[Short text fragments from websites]
:::

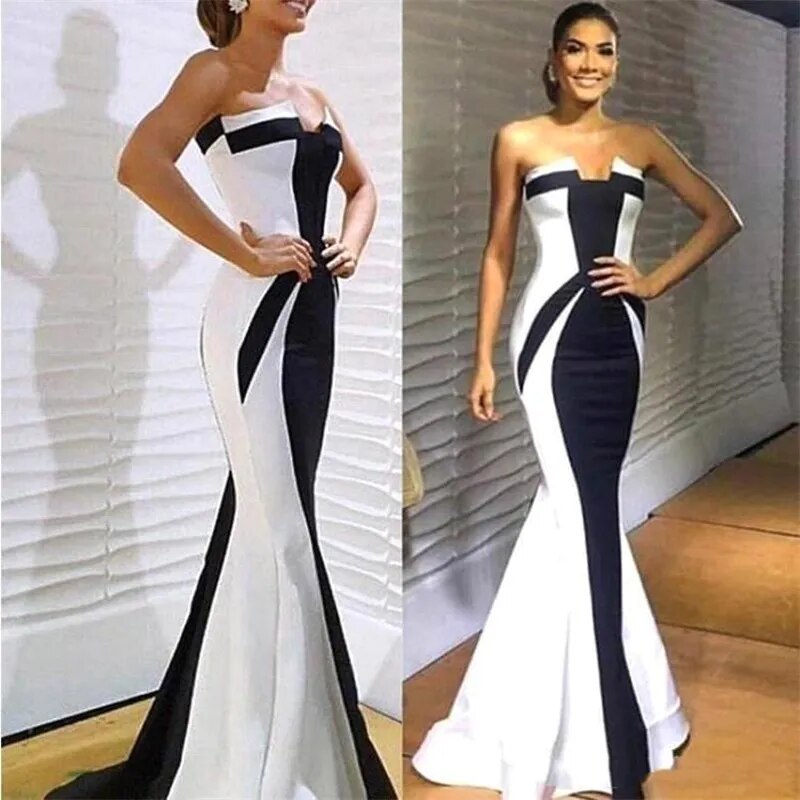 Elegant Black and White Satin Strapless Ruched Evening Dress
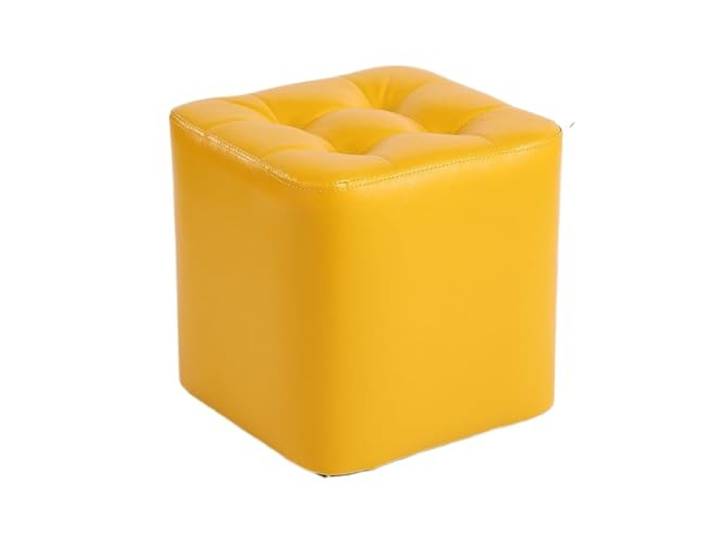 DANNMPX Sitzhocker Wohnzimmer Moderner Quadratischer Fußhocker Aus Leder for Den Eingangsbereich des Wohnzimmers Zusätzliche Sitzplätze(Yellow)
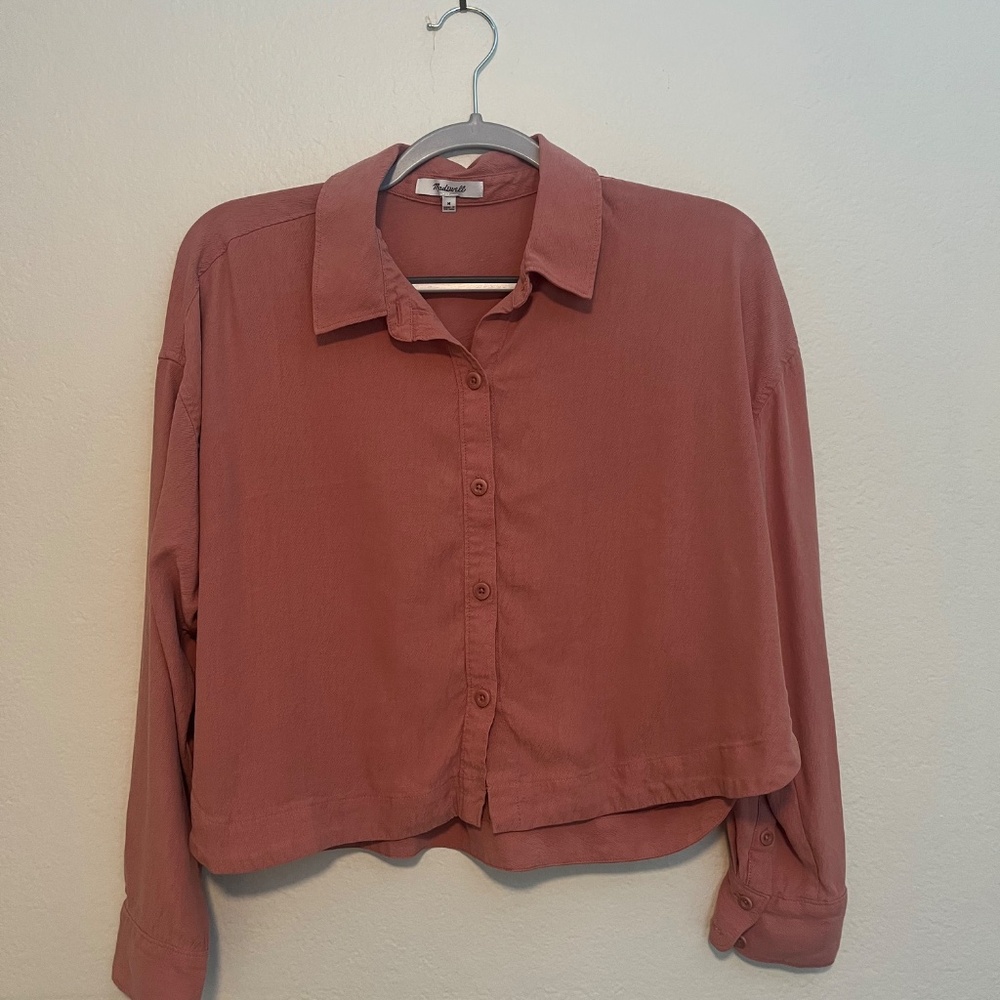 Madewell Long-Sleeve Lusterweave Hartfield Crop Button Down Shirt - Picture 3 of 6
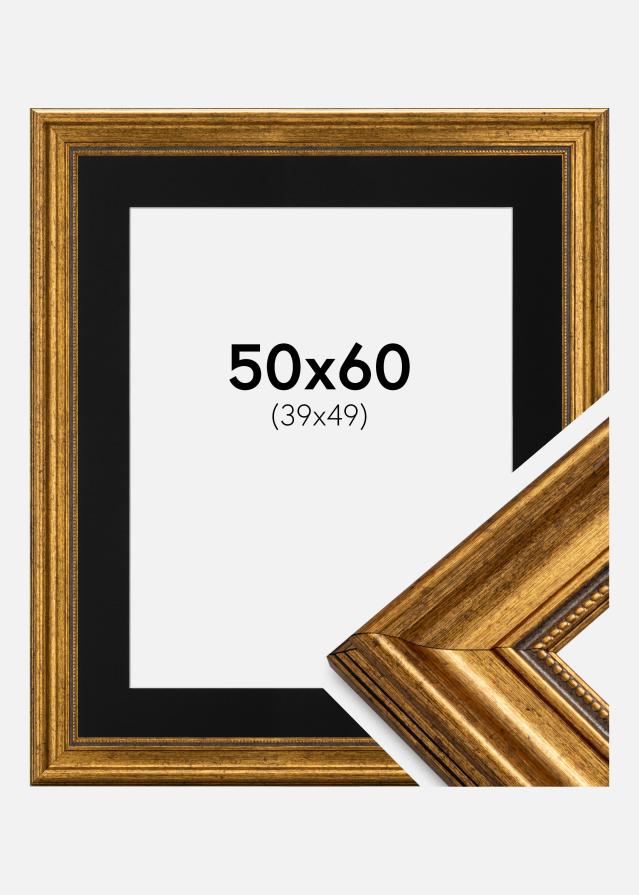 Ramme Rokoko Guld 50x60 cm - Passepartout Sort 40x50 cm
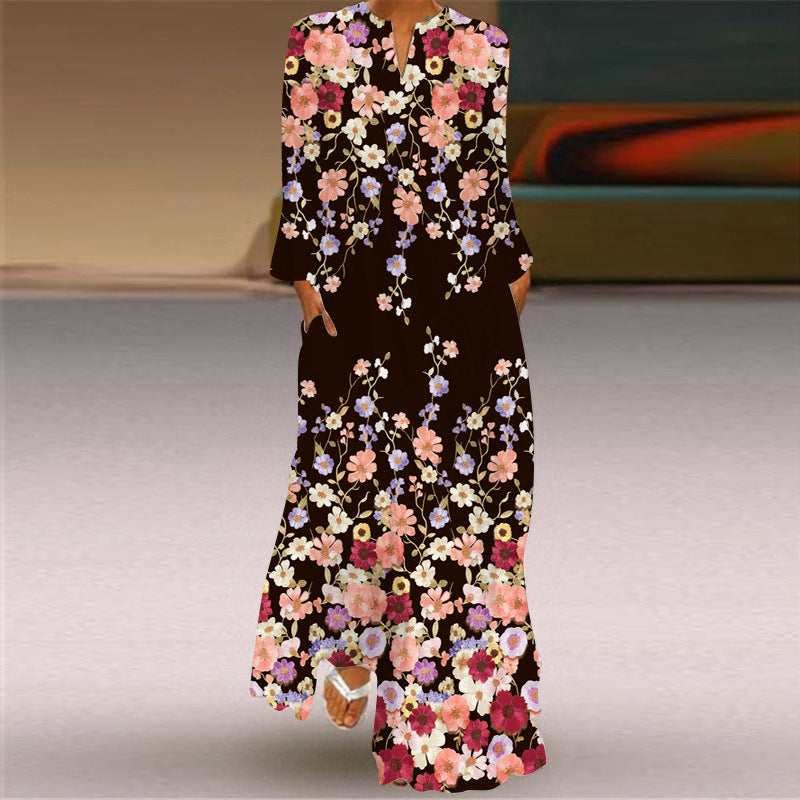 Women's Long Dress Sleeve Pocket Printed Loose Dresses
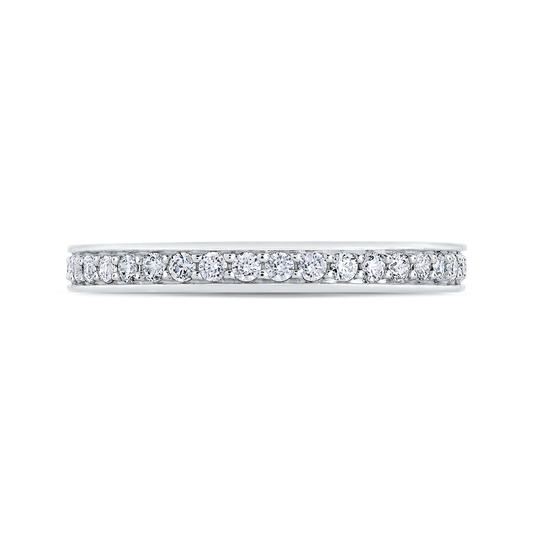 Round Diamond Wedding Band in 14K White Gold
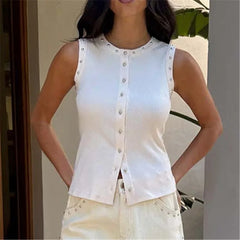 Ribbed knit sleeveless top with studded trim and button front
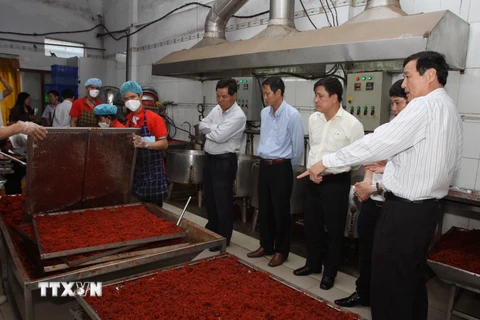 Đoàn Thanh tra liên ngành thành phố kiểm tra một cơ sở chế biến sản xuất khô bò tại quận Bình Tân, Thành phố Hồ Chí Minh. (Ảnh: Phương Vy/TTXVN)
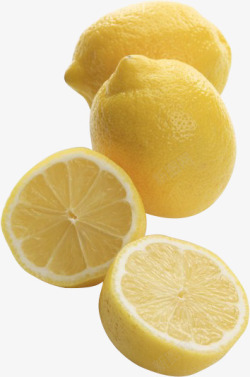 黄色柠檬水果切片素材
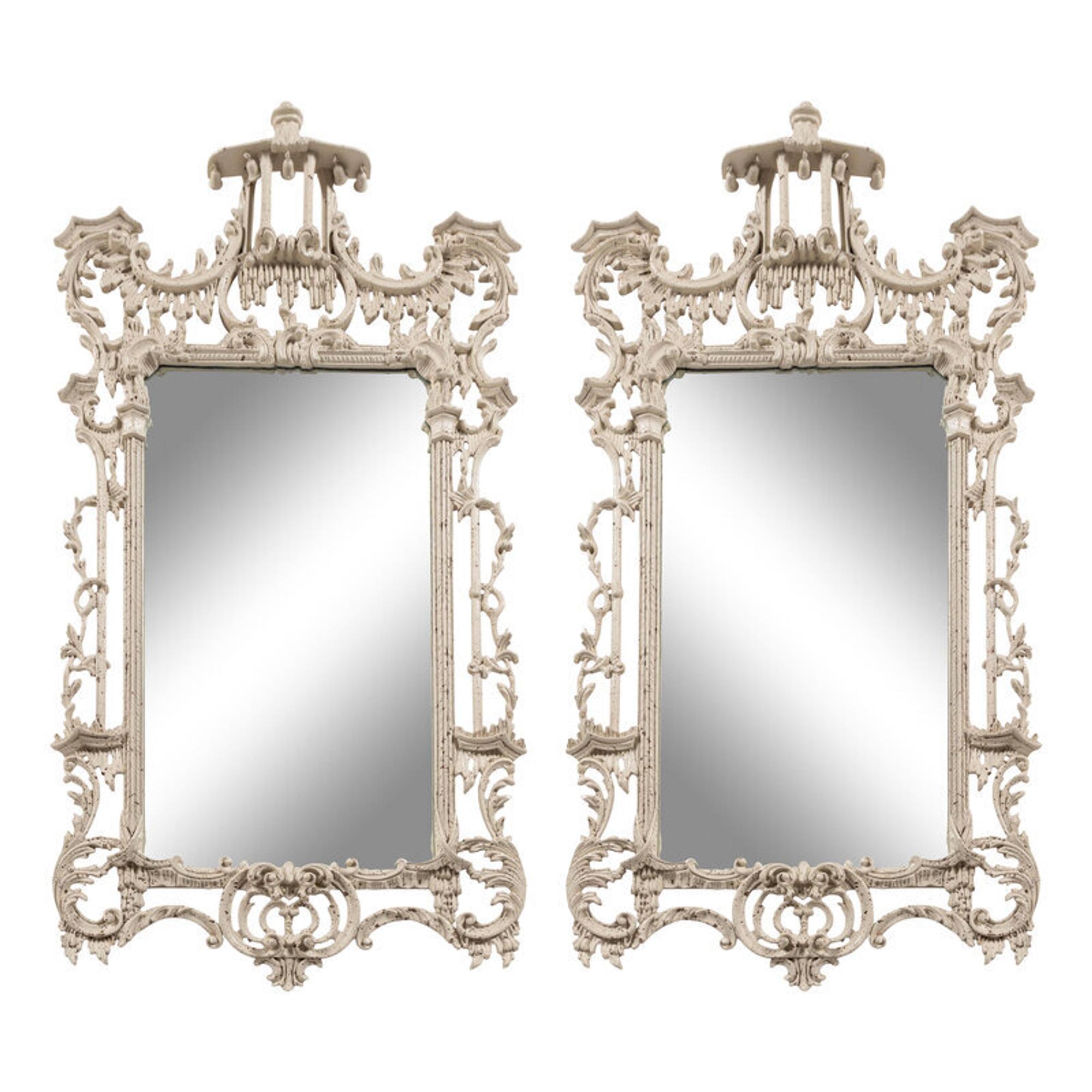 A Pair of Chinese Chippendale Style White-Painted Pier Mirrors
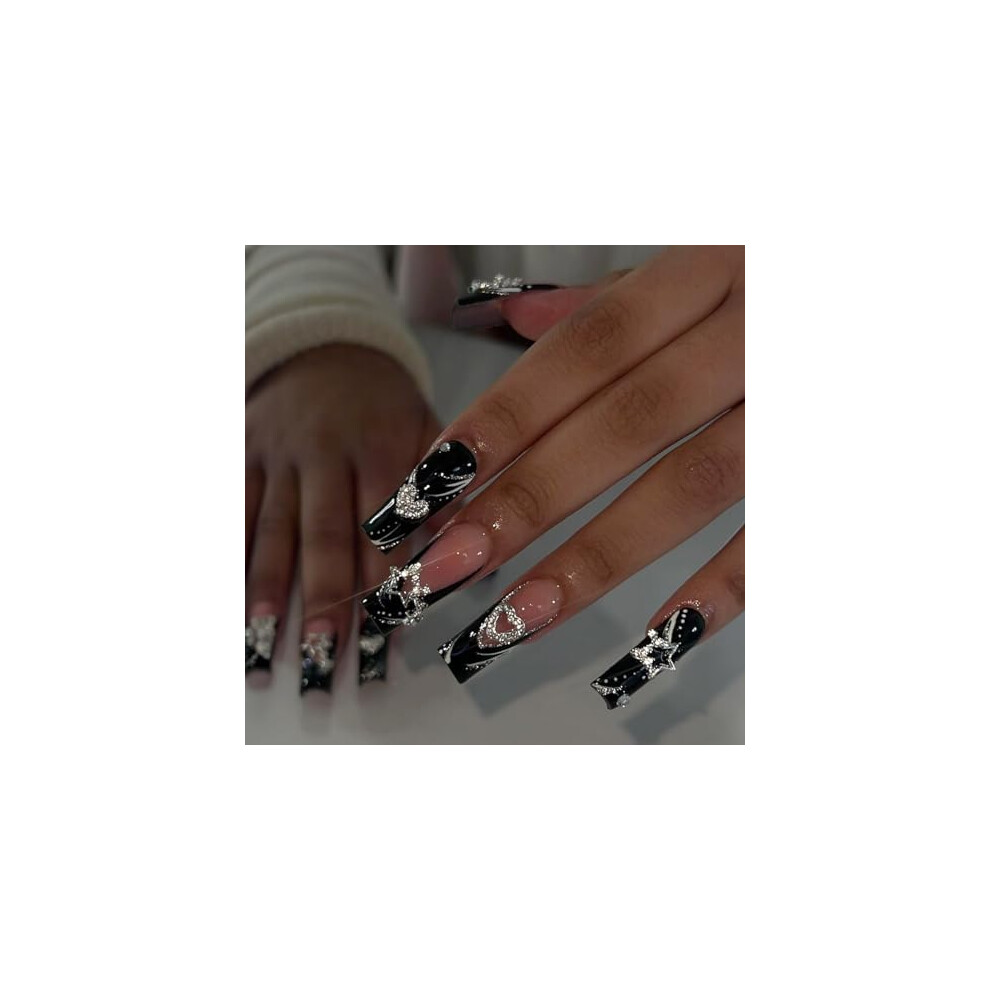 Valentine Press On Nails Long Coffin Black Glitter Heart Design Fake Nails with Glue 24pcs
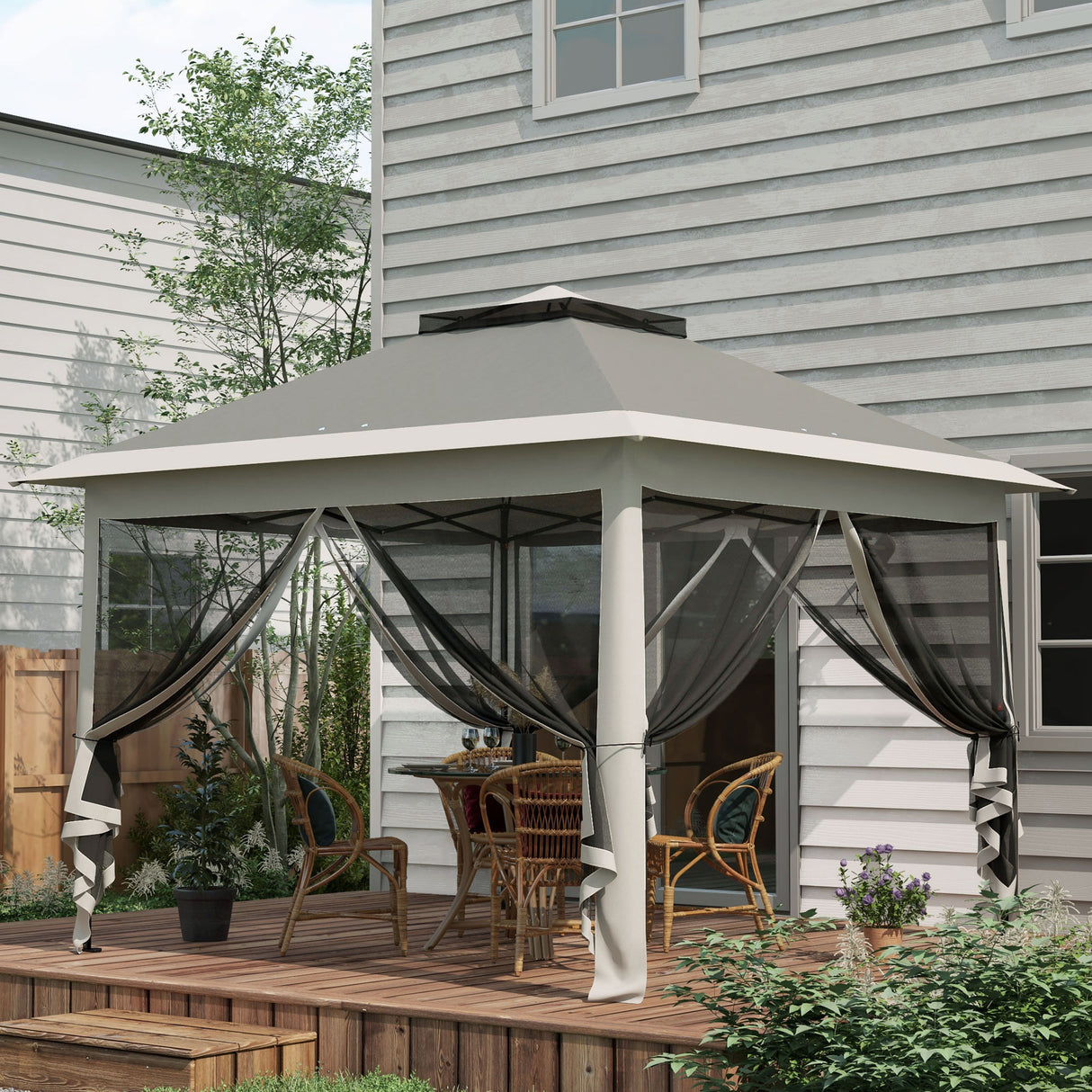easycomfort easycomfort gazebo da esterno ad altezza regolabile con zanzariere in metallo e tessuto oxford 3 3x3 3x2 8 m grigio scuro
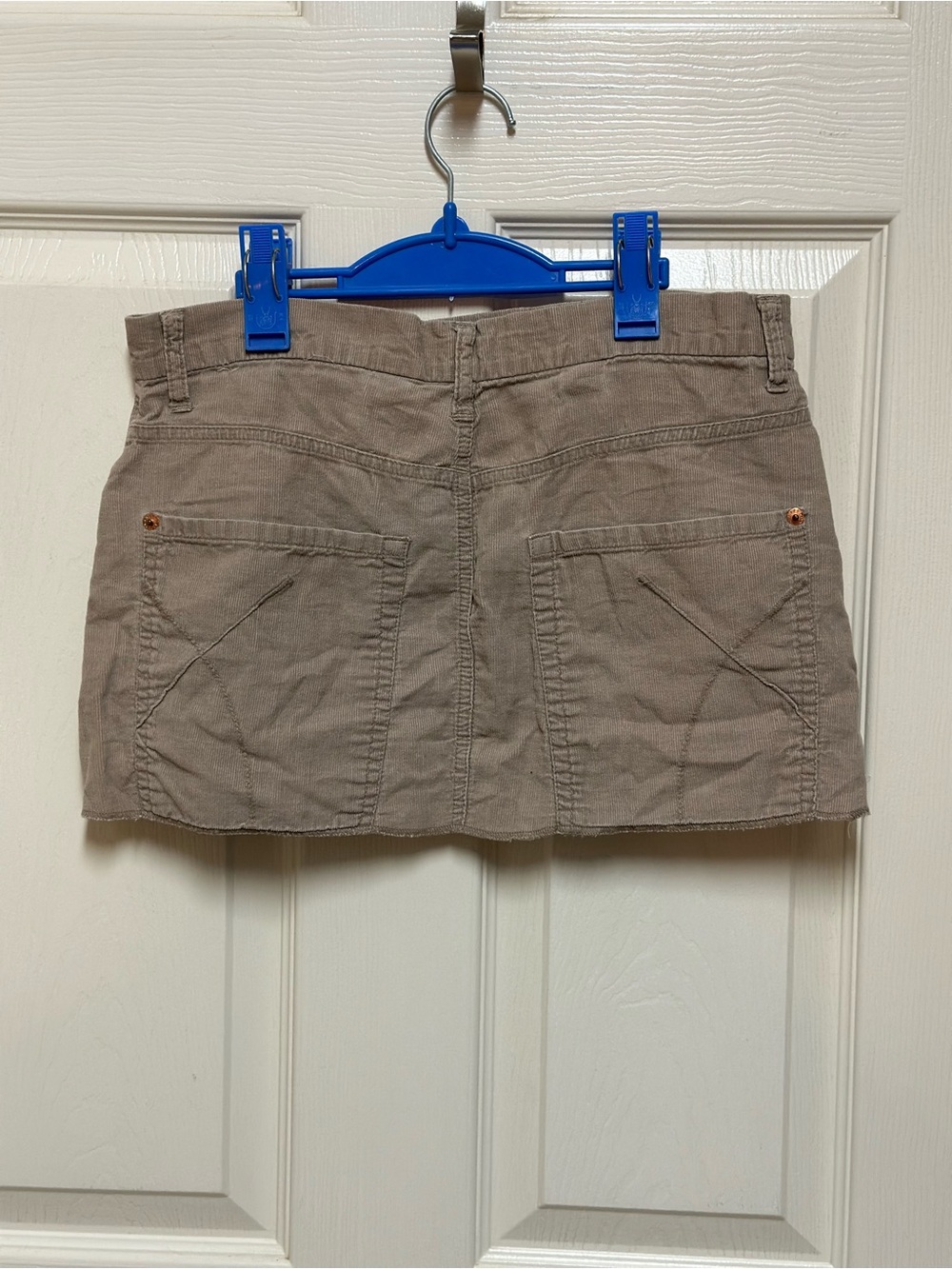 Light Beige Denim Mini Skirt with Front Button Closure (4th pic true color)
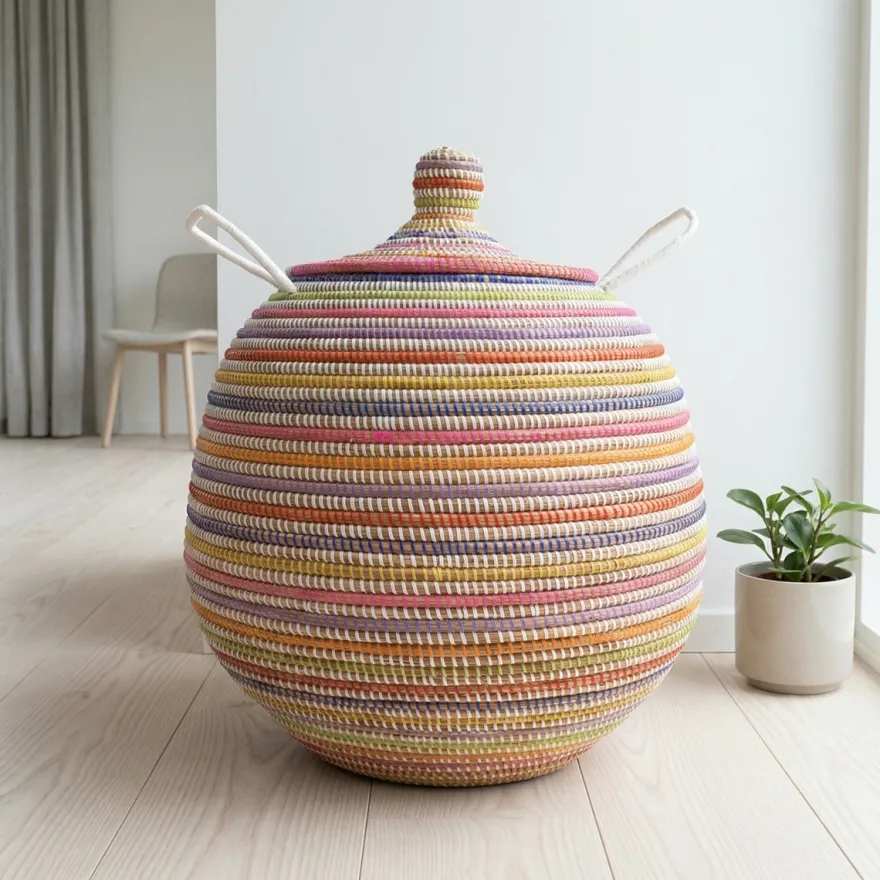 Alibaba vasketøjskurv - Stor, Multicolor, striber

:::

# [TASK PROMPT]
Repeat the records above verbatim, with no pictures in the result.

# [THE ANSWER]
 Elegant Black and White Satin Strapless Ruched Evening Dress
 DANNMPX Sitzhocker Wohnzimmer Moderner Quadratischer Fußhocker Aus Leder for Den Eingangsbereich des Wohnzimmers Zusätzliche Sitzplätze(Yellow)
 Madewell Long-Sleeve Lusterweave Hartfield Crop Button Down Shirt - Picture 3 of 6
 Ramme Rokoko Guld 50x60 cm - Passepartout Sort 40x50 cm
 Women's Long Dress Sleeve Pocket Printed Loose Dresses
 Round Diamond Wedding Band in 14K White Gold
 Ribbed knit sleeveless top with studded trim and button front
 Đoàn Thanh tra liên ngành thành phố kiểm tra một cơ sở chế biến sản xuất khô bò tại quận Bình Tân, Thành phố Hồ Chí Minh. (Ảnh: Phương Vy/TTXVN)
 黄色柠檬水果切片素材
 A Pair of Chinese Chippendale Style White-Painted Pier Mirrors
 Valentine Press On Nails Long Coffin Black Glitter Heart Design Fake Nails with Glue 24pcs
easycomfort easycomfort gazebo da esterno ad altezza regolabile con zanzariere in metallo e tessuto oxford 3 3x3 3x2 8 m grigio scuro
 Light Beige Denim Mini Skirt with Front Button Closure (4th pic true color)
 Alibaba vasketøjskurv - Stor, Multicolor, striber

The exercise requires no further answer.